▸ **The records**
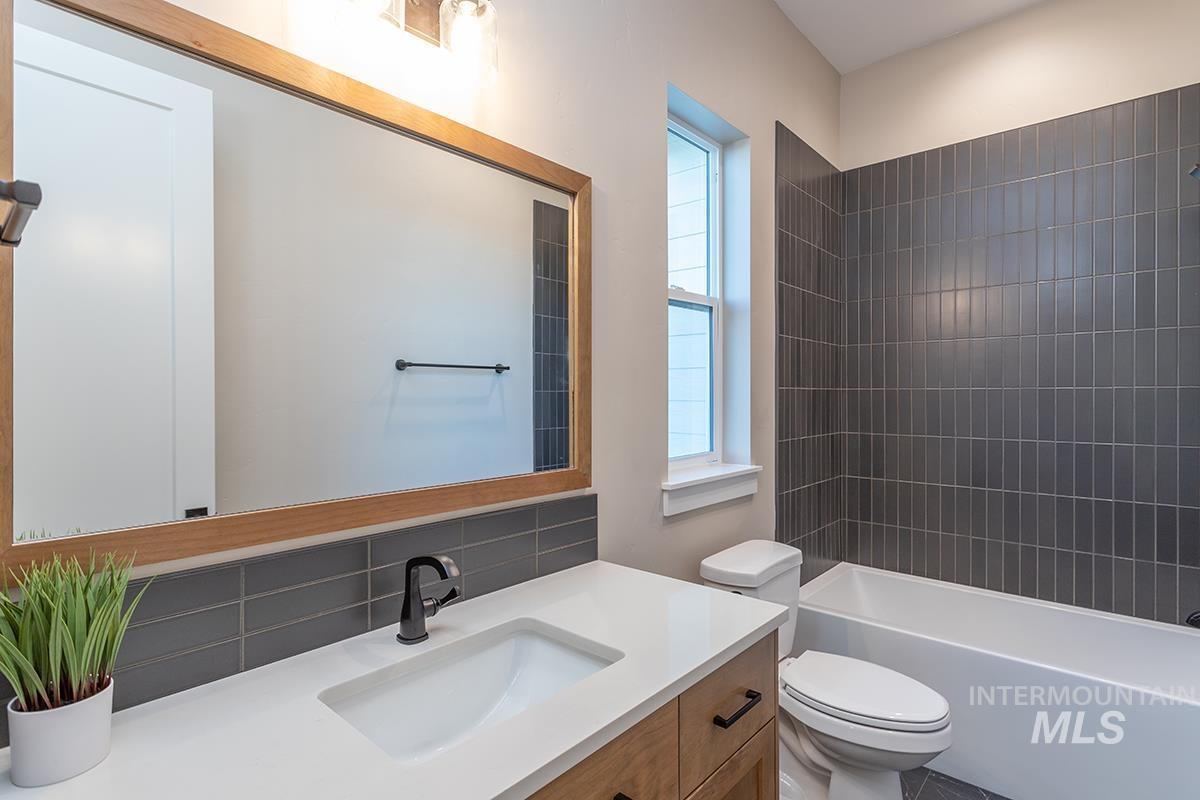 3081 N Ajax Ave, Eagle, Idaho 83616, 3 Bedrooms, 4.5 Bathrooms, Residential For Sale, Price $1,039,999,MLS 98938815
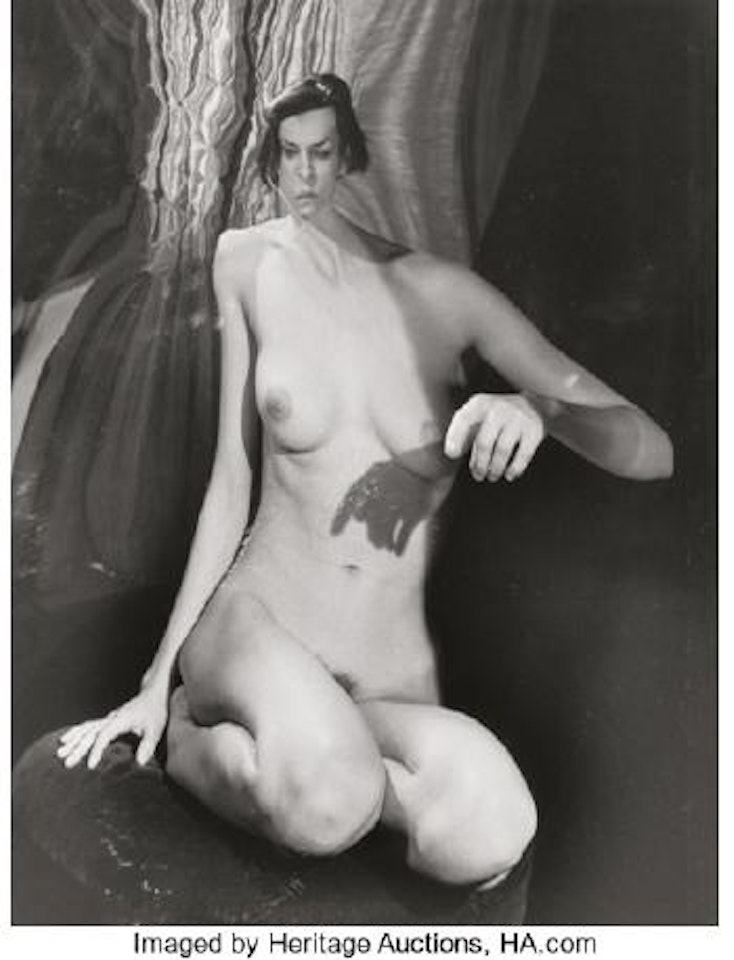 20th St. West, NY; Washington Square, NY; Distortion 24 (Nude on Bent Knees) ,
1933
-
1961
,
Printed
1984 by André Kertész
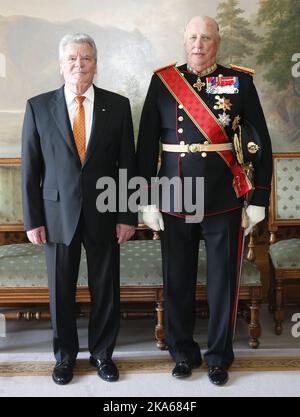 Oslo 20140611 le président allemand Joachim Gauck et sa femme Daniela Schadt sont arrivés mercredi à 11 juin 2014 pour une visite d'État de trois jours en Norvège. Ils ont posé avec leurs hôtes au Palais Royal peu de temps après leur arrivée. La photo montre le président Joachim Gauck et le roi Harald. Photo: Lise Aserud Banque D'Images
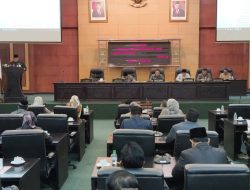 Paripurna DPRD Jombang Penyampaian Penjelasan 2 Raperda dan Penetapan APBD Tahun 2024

...

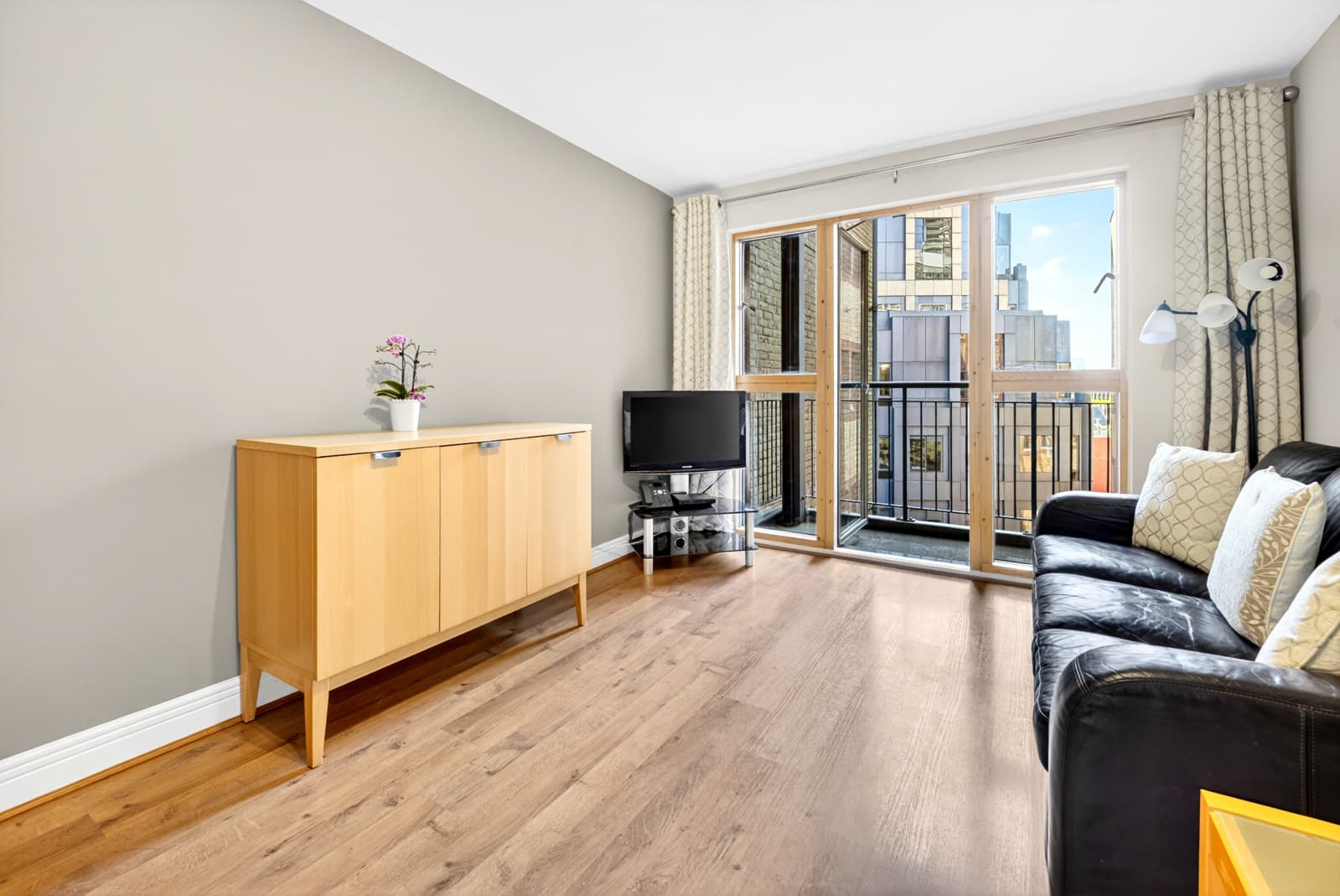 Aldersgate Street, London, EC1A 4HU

...

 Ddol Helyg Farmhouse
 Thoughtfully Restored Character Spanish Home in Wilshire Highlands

▸ **Exercise brief**
What are the lines above from the one with "3081 N Ajax" to the one with "Paripurna DPRD Jombang", both included? Reproduce them exactly, without pictures.

▸ **Task solution**
 3081 N Ajax Ave, Eagle, Idaho 83616, 3 Bedrooms, 4.5 Bathrooms, Residential For Sale, Price $1,039,999,MLS 98938815
 20th St. West, NY; Washington Square, NY; Distortion 24 (Nude on Bent Knees) ,
1933
-
1961
,
Printed
1984 by André Kertész
 Oslo 20140611 le président allemand Joachim Gauck et sa femme Daniela Schadt sont arrivés mercredi à 11 juin 2014 pour une visite d'État de trois jours en Norvège. Ils ont posé avec leurs hôtes au Palais Royal peu de temps après leur arrivée. La photo montre le président Joachim Gauck et le roi Harald. Photo: Lise Aserud Banque D'Images
 Paripurna DPRD Jombang Penyampaian Penjelasan 2 Raperda dan Penetapan APBD Tahun 2024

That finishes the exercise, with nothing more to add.